Start of DATA RECORDS

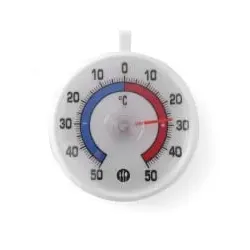 HENDI Kühlschrankthermometer, -50 °C bis 50 °C 271124 , Maße (∅ x H): 7,2 x 2,1 cm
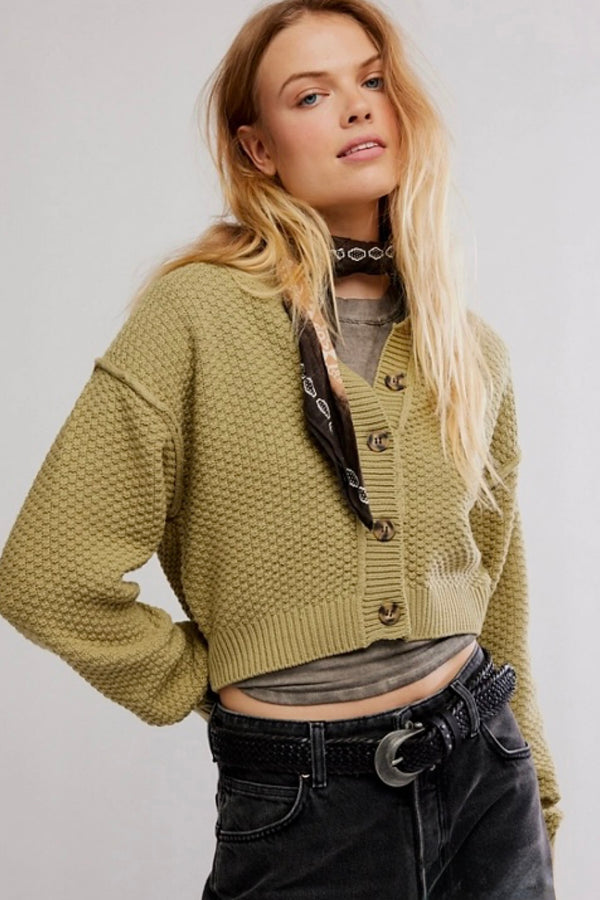 lila whispering willow cardi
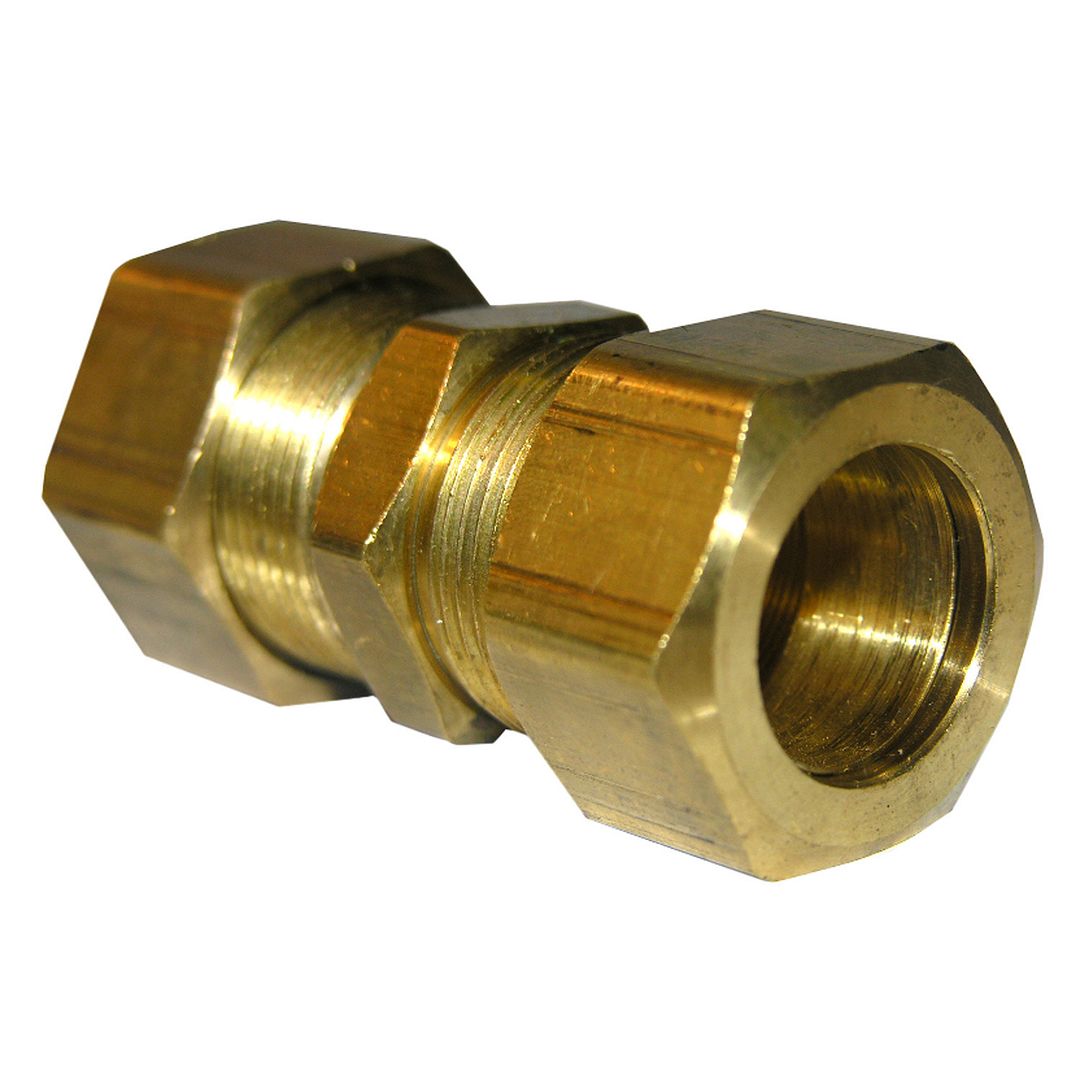 3/8" BRASS COMPRESSION UNION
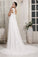 Sheath/Column One-Shoulder Sleeveless Ruffles Long Chiffon Wedding Dresses CICIP0006978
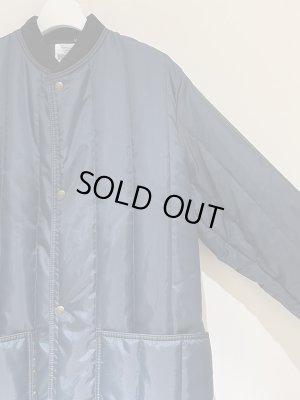 画像5: USA製 ナイロンキルティングコート ネイビー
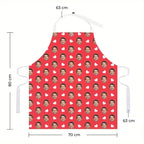 Personalisierte Küchenschürze Gesicht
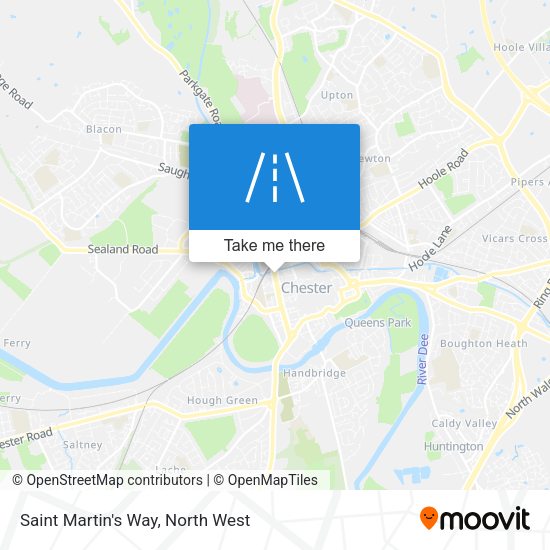 Saint Martin's Way map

End of DATA RECORDS

■ PROMPT
Word for word, return the material above; the pictures stay out.

■ ANSWER BELOW
 HENDI Kühlschrankthermometer, -50 °C bis 50 °C 271124 , Maße (∅ x H): 7,2 x 2,1 cm
 lila whispering willow cardi
 3/8" BRASS COMPRESSION UNION
 Sheath/Column One-Shoulder Sleeveless Ruffles Long Chiffon Wedding Dresses CICIP0006978
 画像5: USA製 ナイロンキルティングコート ネイビー
 Personalisierte Küchenschürze Gesicht
 Saint Martin's Way map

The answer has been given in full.